Performance Considerations

  • Glob patterns are generally faster than regex patterns
  • Complex regex patterns can be slower on large directory structures
  • Include patterns can improve performance by reducing the number of files to process

Common Use Cases

Development Project

recursivist visualize \
--exclude "node_modules .git build dist" \
--exclude-ext ".min.js .map"

Documentation Project

recursivist visualize \
--include-pattern "**/*.md" "**/*.rst" "**/*.txt" "docs/**/*"

Source Code Analysis

recursivist visualize \
--include-pattern "src/**/*" \
--exclude-pattern "**/*.test.js" "**/*.spec.js"

Backend Development

recursivist visualize \
--include-pattern "**/*.py" "**/*.go" "**/*.java" \
--exclude-pattern "**/*_test.py" "**/*_test.go" "**/*Test.java"

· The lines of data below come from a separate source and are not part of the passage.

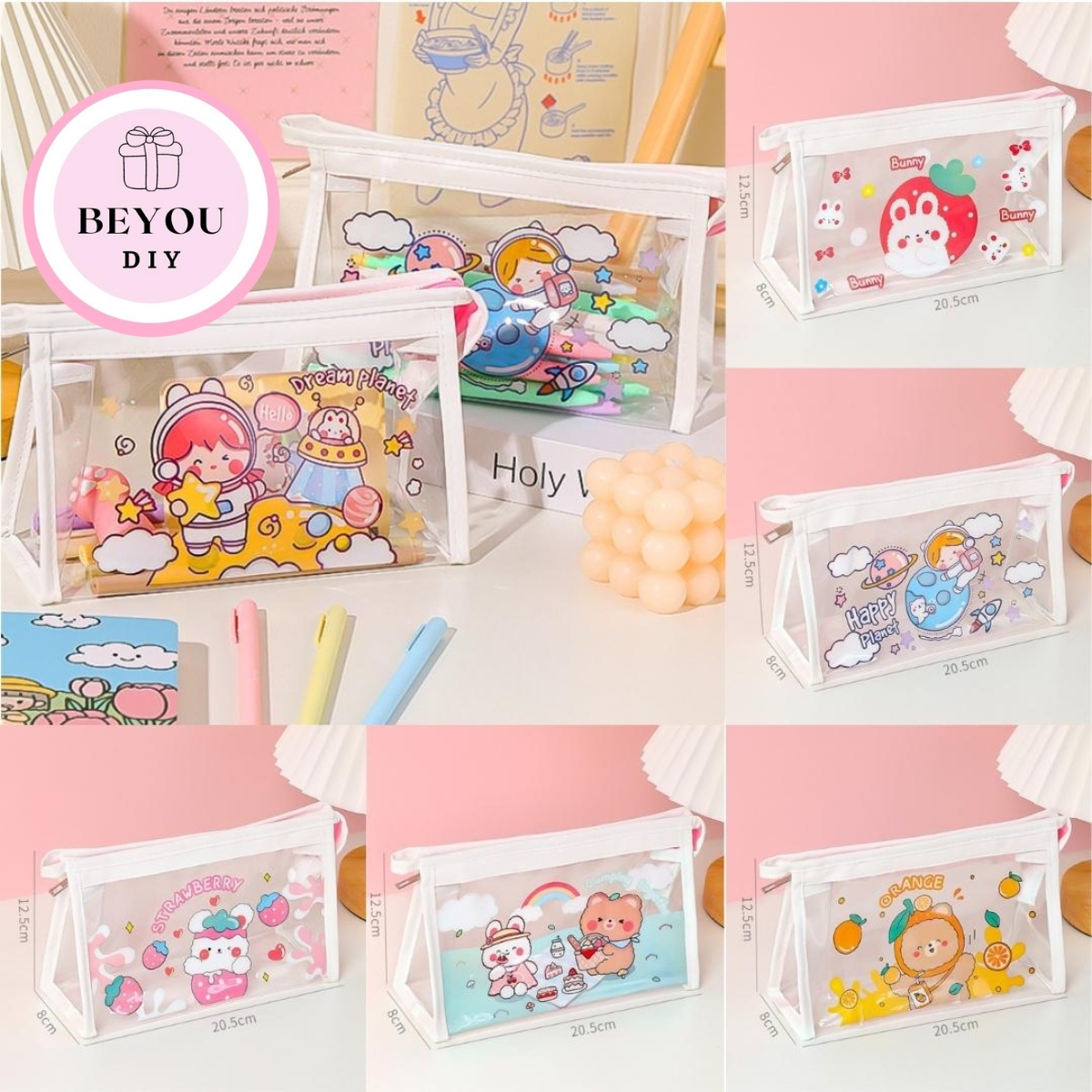 Túi Đựng Bút Trong Suốt In Hình Họa Tiết Dễ Thương Style B - BEYOU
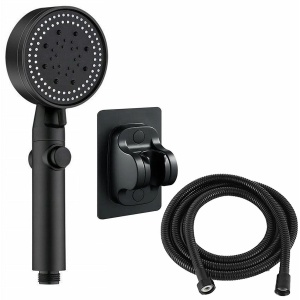 Set 3 elemente pentru dus, para de dus moderna + furtun flexibil + suport pentru perete, culoare Neagra - Img 5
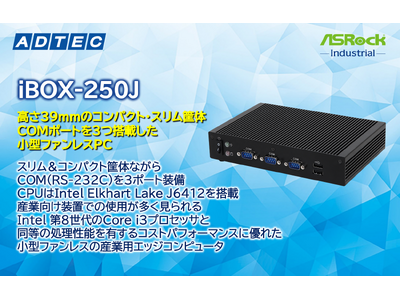 産業用/組込み用小型コンピュータ 新製品「iBOX-250J」を2024年3月15日(金)発売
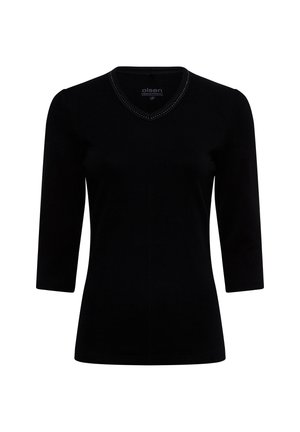 Schwarzes, enganliegendes Langarmshirt mit V-Ausschnitt, der kleine dekorative Perlen entlang des Kragenrandes aufweist.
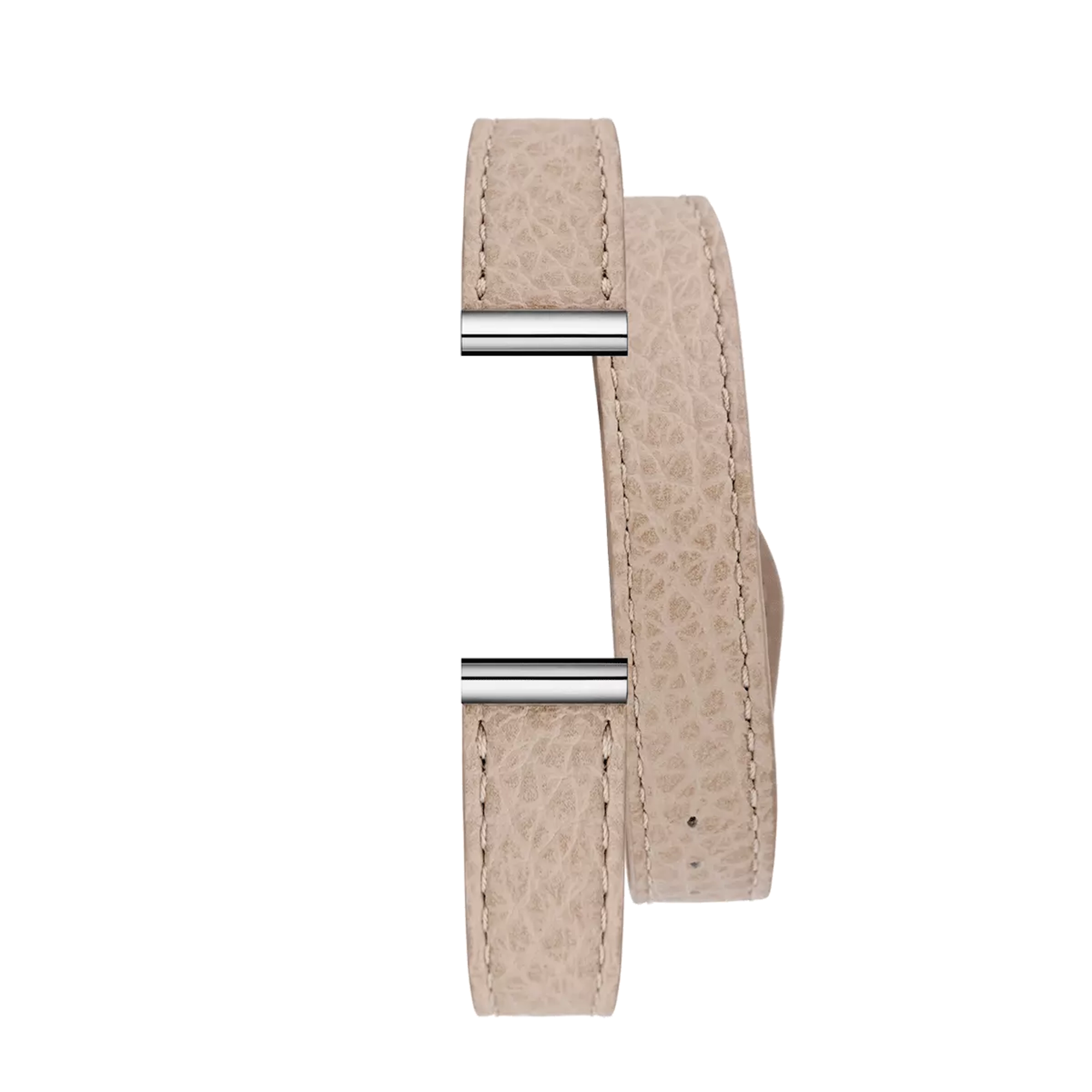 Bracelet Antarès double en cuir beige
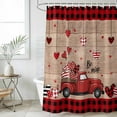thumbnail image 6 of Polyester Fabric Red Valentine's Day Shower Curtain, Truck Plaid Love Heart Wooden Waterproof Bathtub Curtain Bathroom Decor Set with Hooks 36 x 78 Inches, 6 of 6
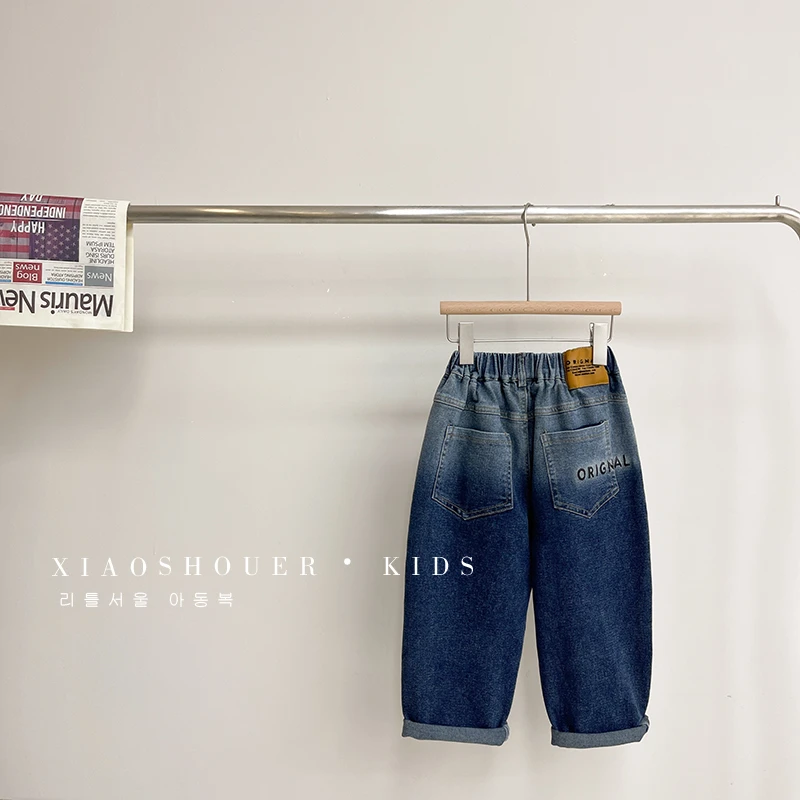 春秋装儿童韩系渐变贴标裤子hxka083-QHH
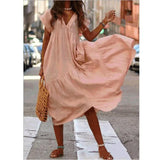 Summer Dress Women Casual Boho Ladies Sundress Loose Ruffles V Neck Beach Outfits Vintage Long Maxi Dresses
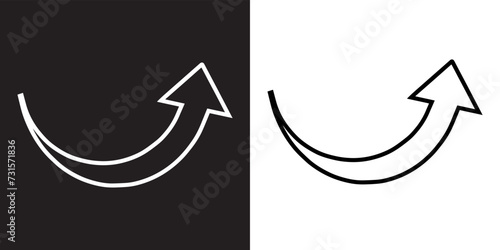 Curved arrow icon vector. Arrow pointer icon sign symbol in trendy flat style. Arrow up vector icon illustration isolated on black and white background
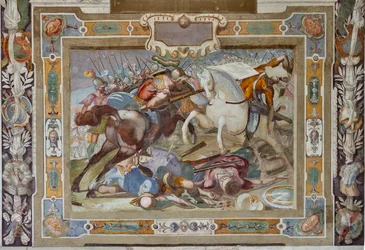 Scena di battaglia, dagli Atti di Goffredo di Buglione alla presa di Gerusalemme, 1589-94 circa (affresco)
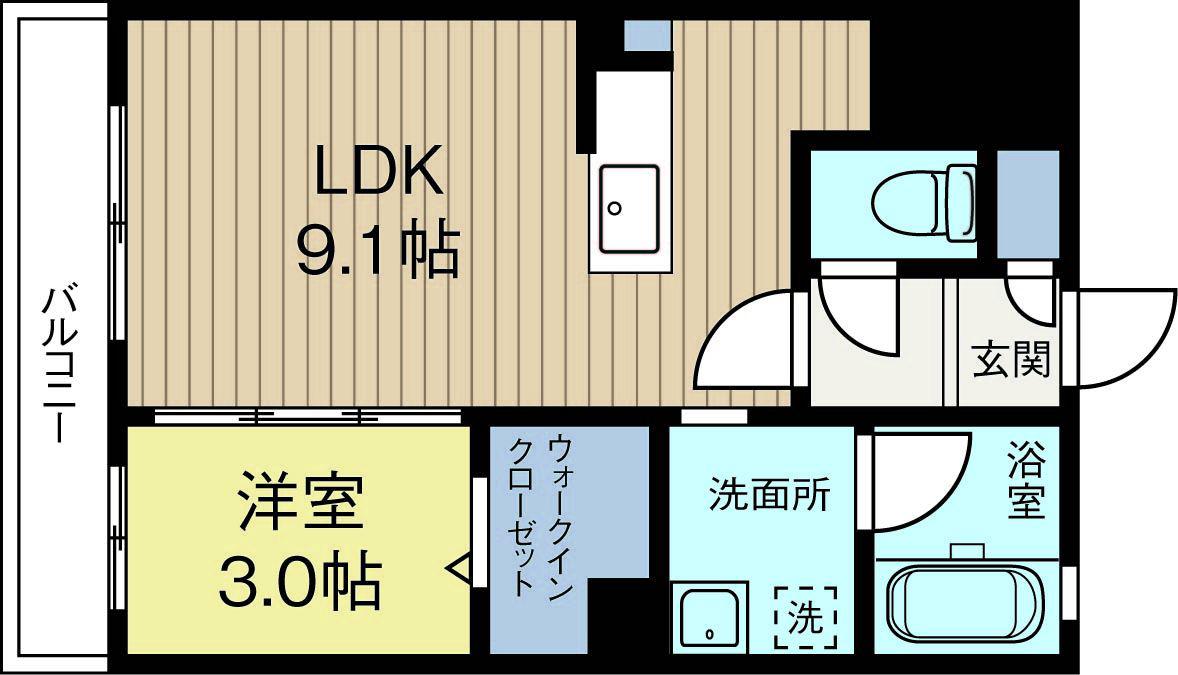 グランパーク平尾(1LDK/7階)の間取り写真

Troubleshooting Pattern Matching

If your patterns aren't working as expected:

  1. Use verbose mode: Run with --verbose to see detailed logging about pattern matching
  2. Test simpler patterns first: Start with basic patterns and build up complexity
  3. Check pattern syntax: Ensure you're using the correct syntax for glob or regex
  4. Remember path conventions: Patterns match against relative paths from the root directory
  5. Check precedence: Remember that include patterns override exclude patterns

For debugging complex regex patterns, consider testing them in a regex tool like regex101.com before using them in Recursivist.